Old Settler’s Music Festival is one of the country's premier Americana music festivals, now celebrating its 29th year in the greater Austin area. Located 25 miles southwest of downtown Austin at the beautiful Onion Creek-lined Camp Ben McCulloch, the festival features 4 stages, performance workshops, arts & crafts and on-site camping—where the music is sure to continue on throughout the night.

Once again, the 2016 lineup features some of the biggest names in Americana music as well as some of the best bands calling Austin home. Here are five artists from both of those columns who are sure to make this year's festival one to remember.

Dawes (Los Angeles, CA)

10:30pm - Friday - Hill Country Stage

Friday night headliner Dawes should hold a place or three in the record collection of any serious fan of contemporary Americana. Since the release of their debut album, North Hills, Dawes has been refining and perfecting their Laurel Canyon-like sound, sweeping the nation with incredible live shows and recruiting thousands of fans in the process. Their most recent release, All Your Favorite Bands, is an excellent record, and captures a live, analog sound like you wouldn’t believe.

If you are at Old Settler’s this year, which you should be, you simply cannot miss this set. Their shows are some of the best sounding, most energetic and musically enlightening experiences one can have.  Here is a tasty sample of their live performance of “When My Time Comes” off the record Nothing is Wrong.

Hayes Carll (The Woodlands, TX)

8:40pm - Friday - Hill Country Stage

Hayes Carll is without question one of the best storytellers, songwriters and musicians in all of country music. But whatever you do, don’t try and throw him into any one sub-genre (Texas-country, folk, Americana, honky-tonk).
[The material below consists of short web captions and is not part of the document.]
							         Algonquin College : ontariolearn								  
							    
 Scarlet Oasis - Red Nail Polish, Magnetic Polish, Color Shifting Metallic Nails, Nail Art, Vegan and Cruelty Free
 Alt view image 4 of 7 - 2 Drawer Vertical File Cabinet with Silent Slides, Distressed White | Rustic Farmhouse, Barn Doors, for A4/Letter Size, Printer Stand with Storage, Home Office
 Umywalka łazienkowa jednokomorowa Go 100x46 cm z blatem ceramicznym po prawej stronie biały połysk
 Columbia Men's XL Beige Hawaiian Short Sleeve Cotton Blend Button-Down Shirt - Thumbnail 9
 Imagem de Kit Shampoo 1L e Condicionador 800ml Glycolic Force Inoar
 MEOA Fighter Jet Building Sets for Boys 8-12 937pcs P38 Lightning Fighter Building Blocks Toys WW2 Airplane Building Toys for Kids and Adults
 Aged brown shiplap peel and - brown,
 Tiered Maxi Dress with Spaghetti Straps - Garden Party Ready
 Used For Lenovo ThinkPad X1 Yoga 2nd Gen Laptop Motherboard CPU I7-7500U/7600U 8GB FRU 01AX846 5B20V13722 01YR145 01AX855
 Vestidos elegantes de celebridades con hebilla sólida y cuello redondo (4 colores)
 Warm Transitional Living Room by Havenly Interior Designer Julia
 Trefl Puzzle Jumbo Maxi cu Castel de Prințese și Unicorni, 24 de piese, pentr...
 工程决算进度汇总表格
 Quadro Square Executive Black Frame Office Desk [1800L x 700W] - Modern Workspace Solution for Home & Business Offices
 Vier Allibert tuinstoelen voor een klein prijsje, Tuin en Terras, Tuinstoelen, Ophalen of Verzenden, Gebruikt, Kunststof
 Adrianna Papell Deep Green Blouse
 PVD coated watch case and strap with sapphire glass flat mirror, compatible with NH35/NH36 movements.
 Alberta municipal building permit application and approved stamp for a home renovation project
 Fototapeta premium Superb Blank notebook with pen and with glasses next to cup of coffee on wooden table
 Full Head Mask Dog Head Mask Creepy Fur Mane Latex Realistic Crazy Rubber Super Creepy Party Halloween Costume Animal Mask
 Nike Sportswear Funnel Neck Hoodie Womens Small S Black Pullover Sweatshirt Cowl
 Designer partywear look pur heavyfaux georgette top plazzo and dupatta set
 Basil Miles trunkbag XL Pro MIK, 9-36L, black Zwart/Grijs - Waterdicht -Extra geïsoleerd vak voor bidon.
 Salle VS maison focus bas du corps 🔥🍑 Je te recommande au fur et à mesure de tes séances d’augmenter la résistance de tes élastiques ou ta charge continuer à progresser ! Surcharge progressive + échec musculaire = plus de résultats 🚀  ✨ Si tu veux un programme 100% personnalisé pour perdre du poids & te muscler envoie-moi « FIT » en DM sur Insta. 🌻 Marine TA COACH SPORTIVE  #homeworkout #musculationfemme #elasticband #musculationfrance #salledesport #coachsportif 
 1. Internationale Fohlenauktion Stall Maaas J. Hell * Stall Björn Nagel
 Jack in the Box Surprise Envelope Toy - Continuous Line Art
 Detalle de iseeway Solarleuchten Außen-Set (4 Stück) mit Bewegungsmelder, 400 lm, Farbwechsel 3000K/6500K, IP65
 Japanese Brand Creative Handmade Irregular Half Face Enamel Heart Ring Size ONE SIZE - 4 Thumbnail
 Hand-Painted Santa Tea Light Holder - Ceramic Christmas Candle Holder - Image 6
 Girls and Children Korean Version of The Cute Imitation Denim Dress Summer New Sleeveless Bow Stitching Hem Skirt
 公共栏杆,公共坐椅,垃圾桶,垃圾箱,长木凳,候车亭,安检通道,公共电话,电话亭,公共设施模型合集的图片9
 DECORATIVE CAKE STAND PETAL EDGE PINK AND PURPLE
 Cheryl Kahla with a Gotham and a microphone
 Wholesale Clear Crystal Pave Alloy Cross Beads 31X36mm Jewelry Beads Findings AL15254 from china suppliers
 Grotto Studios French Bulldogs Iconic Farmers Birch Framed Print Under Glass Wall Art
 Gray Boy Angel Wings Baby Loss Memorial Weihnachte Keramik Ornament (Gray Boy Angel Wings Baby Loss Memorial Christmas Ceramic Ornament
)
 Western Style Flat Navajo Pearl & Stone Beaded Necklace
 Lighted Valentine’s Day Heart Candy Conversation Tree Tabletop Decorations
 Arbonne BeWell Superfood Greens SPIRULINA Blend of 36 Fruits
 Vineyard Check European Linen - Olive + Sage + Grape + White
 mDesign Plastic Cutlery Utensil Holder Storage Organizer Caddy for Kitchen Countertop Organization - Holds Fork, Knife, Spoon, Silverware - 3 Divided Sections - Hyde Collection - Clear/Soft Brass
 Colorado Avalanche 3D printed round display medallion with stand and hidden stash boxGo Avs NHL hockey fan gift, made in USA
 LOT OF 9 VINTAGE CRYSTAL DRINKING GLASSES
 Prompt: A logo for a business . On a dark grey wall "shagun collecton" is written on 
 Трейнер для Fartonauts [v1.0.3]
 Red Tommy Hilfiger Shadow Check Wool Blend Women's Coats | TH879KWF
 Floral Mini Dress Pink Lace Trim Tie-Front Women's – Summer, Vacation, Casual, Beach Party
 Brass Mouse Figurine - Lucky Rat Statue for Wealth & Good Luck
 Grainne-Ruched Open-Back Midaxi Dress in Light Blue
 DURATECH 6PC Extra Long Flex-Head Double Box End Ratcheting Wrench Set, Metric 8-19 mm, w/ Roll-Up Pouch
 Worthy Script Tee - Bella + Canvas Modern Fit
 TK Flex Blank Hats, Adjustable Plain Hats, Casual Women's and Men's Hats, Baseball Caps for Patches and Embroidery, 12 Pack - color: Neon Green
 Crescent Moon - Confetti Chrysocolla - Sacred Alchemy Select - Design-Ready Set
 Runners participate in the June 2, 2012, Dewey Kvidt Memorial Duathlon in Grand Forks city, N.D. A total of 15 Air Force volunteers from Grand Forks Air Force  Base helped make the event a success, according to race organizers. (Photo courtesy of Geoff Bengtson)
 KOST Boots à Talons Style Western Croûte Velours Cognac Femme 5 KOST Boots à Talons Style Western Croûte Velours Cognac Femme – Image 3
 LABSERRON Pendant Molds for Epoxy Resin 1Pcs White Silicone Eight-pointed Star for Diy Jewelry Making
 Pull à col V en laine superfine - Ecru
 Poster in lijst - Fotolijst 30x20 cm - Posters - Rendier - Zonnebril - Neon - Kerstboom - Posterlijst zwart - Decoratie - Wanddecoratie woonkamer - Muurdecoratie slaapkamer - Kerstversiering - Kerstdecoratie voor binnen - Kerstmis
Carll has the innate ability to light up the stage with his up-tempo jangling tunes, only to seemingly cut the power on stage the next second and demand the audience’s attention with brutally honest songs that are filled with wit, humor and grace. Hayes is one artist that perfectly fits the Old Settler's bill. His set should not be missed.

Here's a live KUTX performance of “Another Like You” off his 2011 breakthrough release KMAG YOYO.

The Deer (Austin, TX)

11:00am - Saturday - Hill Country Stage

The Deer represent what the Austin music scene is all about—a great up-and-coming band, hot in pursuit of a career bringing their craft to listeners eagerly awaiting something fresh but classic at the same time. This band has been intriguing Austinites for the past 4 years with their psych-folk rock. The ensemble puts on a great live show, and this one promises to live up to the reputation. With an upcoming May album release, their setlist is likely to include many tracks from the new record, so do yourself a favor, support local music, and give The Deer a listen.

Check out the video below of The Deer performing “Farther,” shot live at Utopia Fest last year.

David Ramirez (Austin, TX)

4:40pm - Saturday - Bluebonnet Stage

Local singer-songwriter David Ramirez returns to play Austin after being on the road for a good portion of the last 8 months in support of his recent release, Fables. Released in August, 2015, the record is extremely well-written and well-recorded, and contains some really special moments among the backdrop of the deep-rooted familiarity of classic folk rock. Make sure you catch this one, as this set promises some of the best in current Americana songwriting, topped with a floater of uniquely Austin vibes.

Below is a video of Ramirez’s song “Harder to Lie” in a stripped-down version, shot live in the middle of Iceland. Dig.

Jay Farrar (St. Louis, MO)

6:10pm - Saturday - Bluebonnet Stage

Jay Farrar is playing the songs of Trace at Old Settler’s Music Festival. That’s all that really needs to be said here, but I’ll dig in a little deeper for those of you who may not be familiar with the man and this exceptional record. 

Jay Farrar was one half of the alternative-country group Uncle Tupelo. Partnered alongside Jeff Tweedy, Uncle Tupelo would go on to leave a lasting impact on the scene with four amazing albums in a short three years. Once separated, Jay Farrar would go on to form the alternative-country band Son Volt, and Tweedy the more well-known Wilco.

Trace (1995) is Son Volt’s first album and remains one of Alt. Country’s greatest recordings. This record sees the band blending the dynamic styles of honky-tonk, rock & roll and country with a poignant richness that is uniquely present in Farrar’s iconic voice. It’s raw, sincere and unapologetic. This type of live performance is exactly what makes Old Settler’s so damn special.